'Richard III' by the National Theatre of China or 'Death as a double act.'


'Richard III', National Theatre of China (Globe to Globe Season)
Globe Theatre, Sunday April 29th 2012
Written for Culture Wars

If you're staging all 37 of Shakespeare's plays, in 37 different languages, then you sure as hell better get the surtitles right. Unfortunately, rather than translating the text, the surtitles used for the Globe to Globe season, simply – oh so simply – summarise each scene. It's a bit like reading those awful York notes, alongside the production: 'Richard pretends to be modest, making a show of refusing to accept power.' Not only does this reduce each scene – and give the sense that it is over before it has even begun – but it means the English section of the audience is left feeling a little abandoned, feeding on the scraps of meaning those scant surtitles provide.

This dubious decision has made it very hard for the visiting companies: do they go for broad, panto style theatre – in order to draw everyone in – or do they stick to their guns, teasing out subtleties and hoping those who only speak English, will somehow keep up? The National Theatre of China has an even tougher task, since their costumes are still floating out at sea, in a rather Twelfth Night-esque twist. Essentially then, they must translate 'Richard III', without language and with very few visual aids. An Olympian challenge, indeed.

The company must also reinterpret Shakespeare, without relying on his natural rhythms. Mandarin is quite a hard hitting language – packed with monosyllabic words – and the cast's delivery sounds a little monotonous. It's hard to make out those elegant swoops, dips and swerves in Shakespeare's text. The company works hard at finding other ways to break up the script. Sometimes, the actors sing their speeches. When Lady Ann mourns her husband death, she sounds like a desolate nightingale. When Margaret predicts Richard's downfall, she is one of the few actors to really shout; a foghorn of despair.

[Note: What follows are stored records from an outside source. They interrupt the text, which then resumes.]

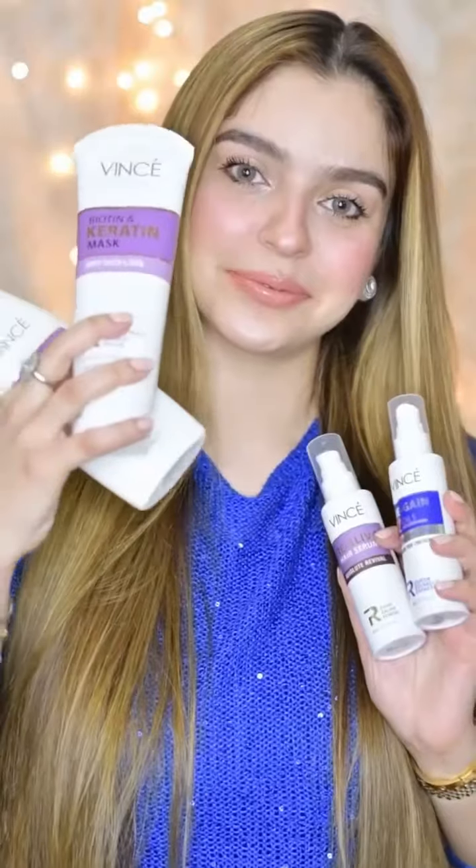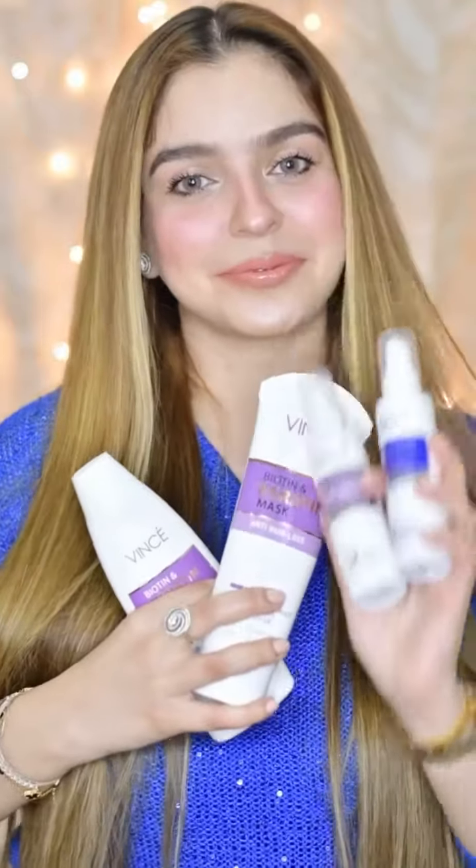So guys, this was my hair care routine with Winsay. You must try these products and see how they work for you. I am very impressed with their quality and the extensive product range they offer at such affordable prices. Their website is winsaycare.com and they have an Instagram page as well if you want to know about the products or to place your orders. Let your hair shine with Winsay.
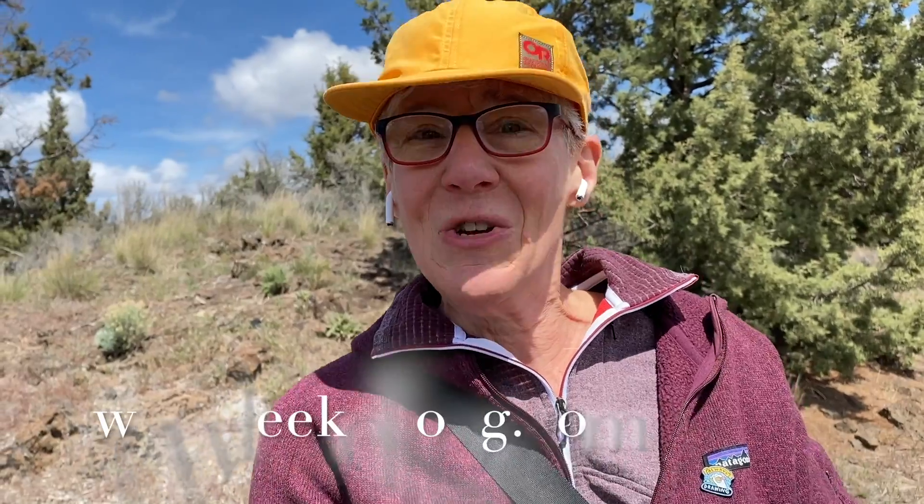Thank you so much for watching this video — I greatly appreciate you spending a few minutes with me as we explored Pine Nursery Park in Bend, Oregon. You can find more videos on YouTube or on my website leekellogg.com. While you're there, sign up for my newsletter — I send out a monthly creativity newsletter to keep you inspired, show new techniques and ideas, and sometimes some health tips, because I think being healthy lends itself to maximum creative output. Do subscribe to this YouTube channel and we'll see you on the next adventure!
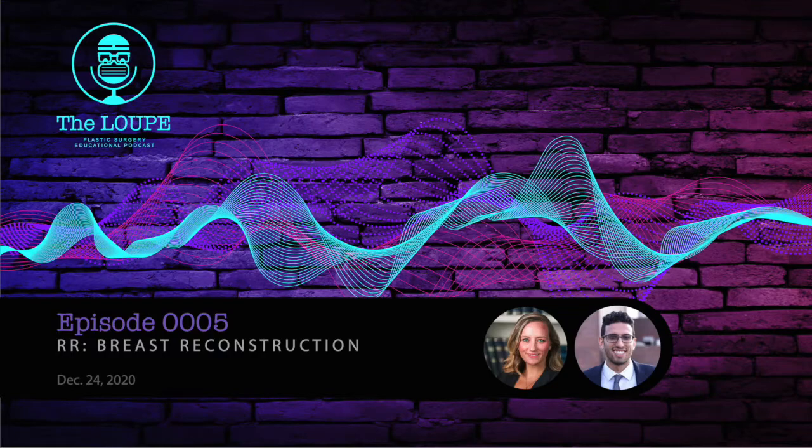Welcome to The Loop Podcast, where we are transforming education in plastic surgery since 2020. Today's episode is a resident-based in-service review of breast reconstruction. This is not meant to be a comprehensive review; however, it is a breakdown of key points from previous examinations that may help if you are studying for boards or the in-service. This is a pretty hefty topic and also a major topic on the in-service.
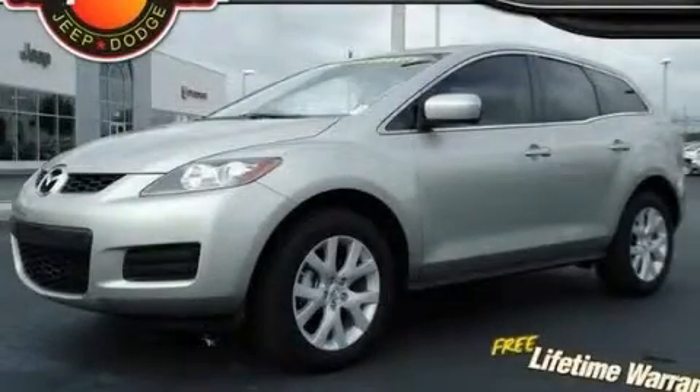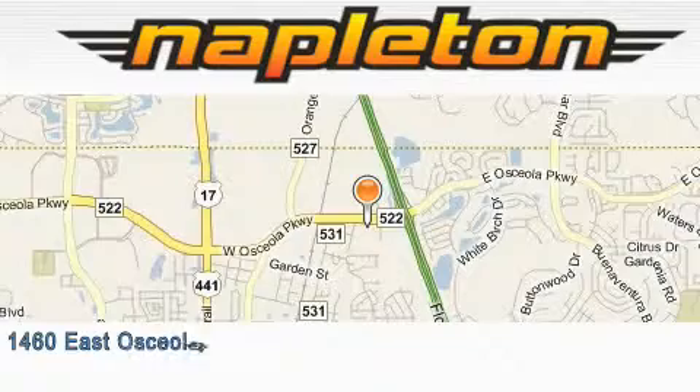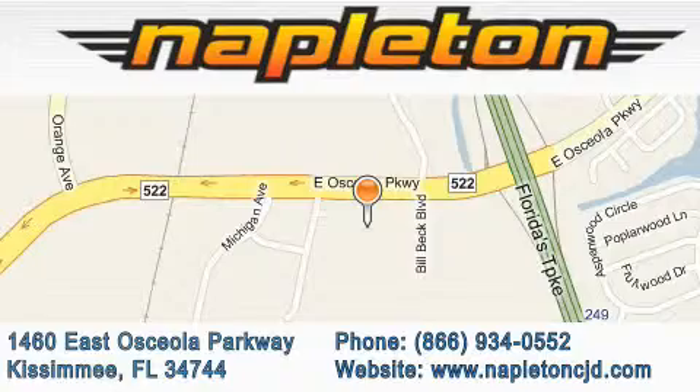This vehicle is sure to sell fast. Call and arrange your test drive today. Napleton Chrysler Jeep Dodge is located at 1460 East Osceola Parkway in Kissimmee. Our goal is to exceed all of your expectations to ensure that you'll return for future visits.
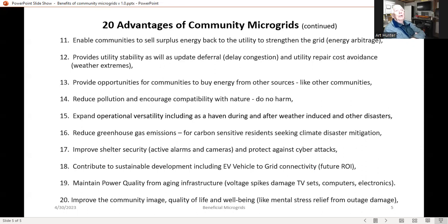Fourteenth is reduced pollution and encouraging compatibility with nature — essentially, do no harm. Just like our indigenous people, becoming part of nature rather than harming it. Fifteenth is expanding operational versatility, because the community microgrid becomes a haven during adverse weather events or disasters, and afterwards until services are restored, giving people a place to meet neighbors, communicate with loved ones, and solve problems together.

Director Wang Xiaoying also breaks things up, by teasing out some interesting physical performances. There is an arresting moment, when Ann laments her marriage to Richard, and circles the stage in a solemn dance. It feels like she's marking out the boundaries of her new and horribly limited life. Xiaoying also explores Richard's character, through the actor's movements. This Richard III (possibly played by Zhang Donghyu,although the programme is unhelpfully vague) might not have a hump – but he is thoroughly twisted inside. After certain pivotal moments, Donghyu twists up his limbs, freezing them in ugly contortions. The on-stage musician also helps accent the play, with ingenious riffs on his mystical array of instruments.

But for all these elegant solutions, there are also a number of overblown touches. The comic sections really grate: it's as if the director has gone through the script with a massive highlighter, fiercely slashing through all the j-o-k-e-s. Richard's hired executioners are re-imagined as two comic, gymnastic sidekicks, who express their reservations through back flips, camp tiptoeing and flippant fights. The audience is encouraged to laugh at death and the play's intensity – and Richard's power – diminishes rapidly with every chuckle. 

Did anyone order an executioner with two heads?